New Research Reveals Greenland Glaciers To Melt Much Faster Than What Anticipated So Far
New research discovered that Greenland is melting faster than scientists thought earlier. There is a four-fold increase in the pace of ice loss since 2003.
In Greenland, enormous glaciers are depositing larger chunks of ice than ever into the Atlantic Ocean. It’s melting there and causing the rise of sea levels. According to scientists, the largest ice loss occurred in this decade is in the southwest region of the island which is mostly glacier-free.
As global temperatures are rising, the surface ice is melting. Because of this, gushing rivers of meltwater is flowing into the ocean and causing sea levels to rise. As per the research, South-west Greenland “become a major future contributor to sea level rise” not taken into consideration as a source of woe for coastal cities previously.
Michael Bevis, lead author of the paper and a professor of geodynamics, Ohio State University said, “We knew we had one big problem with increasing rates of ice discharge by some large outlet glaciers.” He added, “But now we recognize a second serious problem: increasingly, large amounts of ice mass are going to leave as meltwater, as rivers that flow into the sea.”
“The only thing we can do is adapt and mitigate further global warming– it’s too late for there to be no effect,” Bevis said.
This is going to cause additional sea level rise. We are watching the ice sheet hit a tipping point.
“We’re going to see faster and faster sea level rise for the foreseeable future. Once you hit that tipping point, the only question is: How severe does it get?”
A study used data from NASA’s gravity recovery and climate experiment (Grace) and Greenland’s scattered GPS stations to analyze changes in ice mass and published in Proceedings of the National Academy of Sciences.

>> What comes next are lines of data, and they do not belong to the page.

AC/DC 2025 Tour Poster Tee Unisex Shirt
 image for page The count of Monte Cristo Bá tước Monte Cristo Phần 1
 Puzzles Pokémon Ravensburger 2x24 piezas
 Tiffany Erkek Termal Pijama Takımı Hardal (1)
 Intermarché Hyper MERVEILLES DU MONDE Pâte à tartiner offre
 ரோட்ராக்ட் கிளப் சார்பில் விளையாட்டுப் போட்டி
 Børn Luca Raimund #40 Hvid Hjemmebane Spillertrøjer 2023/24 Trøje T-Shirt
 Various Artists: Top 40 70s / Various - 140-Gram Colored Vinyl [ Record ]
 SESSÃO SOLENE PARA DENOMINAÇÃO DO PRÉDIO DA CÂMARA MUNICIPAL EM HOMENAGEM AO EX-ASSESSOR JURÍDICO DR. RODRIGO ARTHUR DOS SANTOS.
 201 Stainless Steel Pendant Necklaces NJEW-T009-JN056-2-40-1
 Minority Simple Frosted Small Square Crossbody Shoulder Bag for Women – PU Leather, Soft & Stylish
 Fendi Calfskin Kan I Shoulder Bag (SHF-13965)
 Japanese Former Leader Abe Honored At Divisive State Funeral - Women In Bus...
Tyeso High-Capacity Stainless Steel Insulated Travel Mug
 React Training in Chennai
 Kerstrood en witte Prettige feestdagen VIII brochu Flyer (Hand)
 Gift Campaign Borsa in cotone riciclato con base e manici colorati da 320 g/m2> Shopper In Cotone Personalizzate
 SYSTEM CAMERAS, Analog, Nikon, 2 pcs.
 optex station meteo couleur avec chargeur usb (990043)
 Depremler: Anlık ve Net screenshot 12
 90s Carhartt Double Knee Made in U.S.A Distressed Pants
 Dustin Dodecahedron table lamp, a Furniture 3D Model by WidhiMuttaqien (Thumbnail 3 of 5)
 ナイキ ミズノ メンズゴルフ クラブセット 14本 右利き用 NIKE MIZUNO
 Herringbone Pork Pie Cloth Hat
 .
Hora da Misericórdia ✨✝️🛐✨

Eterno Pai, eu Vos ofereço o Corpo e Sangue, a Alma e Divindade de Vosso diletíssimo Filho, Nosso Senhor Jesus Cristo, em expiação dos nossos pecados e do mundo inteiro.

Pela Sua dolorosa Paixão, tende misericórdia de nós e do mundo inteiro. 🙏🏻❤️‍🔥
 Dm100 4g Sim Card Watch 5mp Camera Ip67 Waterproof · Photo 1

This study showed that between 2002 and 2016, Greenland lost around 280bn tons of ice every year that is enough to raise the sea level annually by 0.03 inches worldwide. If vast ice sheet (3km thick in places) of entire Greenland’s were to melt, there would be seven meters or more than 20ft rise of global sea levels, drowning most of the coastal settlements.
Researchers said rising global temperatures drove the melting of ice which is four times faster in 2013 compared to 2003 and was due to human-induced climate change and the North Atlantic Oscillation, a periodic weather phenomenon which brings warmer air to western Greenland.
Till date, Greenland’s huge glaciers in the south-east and north-west long considered as a key factor in raising global sea level. Recently, Ohio State-led research suggests another unexpectedly large meltwater source, and that is the island’s southwest ice fields.
The Scientists are now emphasizing on the understanding of the reaction of two massive ice masses on the planet, in Greenland and Antarctica, to a warming atmosphere and ocean.
The tripled ice loss in the Arctic since the 1980s, melting in places like Greenland and Alaska is becoming the greatest instigator of sea level rise while destabilizing the location of four million people.
The ice is vanishing at its fastest rate in recorded history in Antarctica, and it is becoming a serious concern. The largest expanse of ice in the world is losing around 219bn tonnes of ice per year now, a trajectory contributing to more than 25cm rise in total global sea level rise by 2070. Sea levels would balloon around 3.5m if the entire ice sheet of West Antarctic collapses, but over a longer timeframe.
A geologist and glacier expert at Pennsylvania State University, Richard Alley said: “We are warming the planet, this is melting ice, and that is raising sea level.” Alley also warned on the uncertainties over future sea level rise saying “if the big ice sheets change more rapidly than expected, they could drive faster or much faster rise than expected.”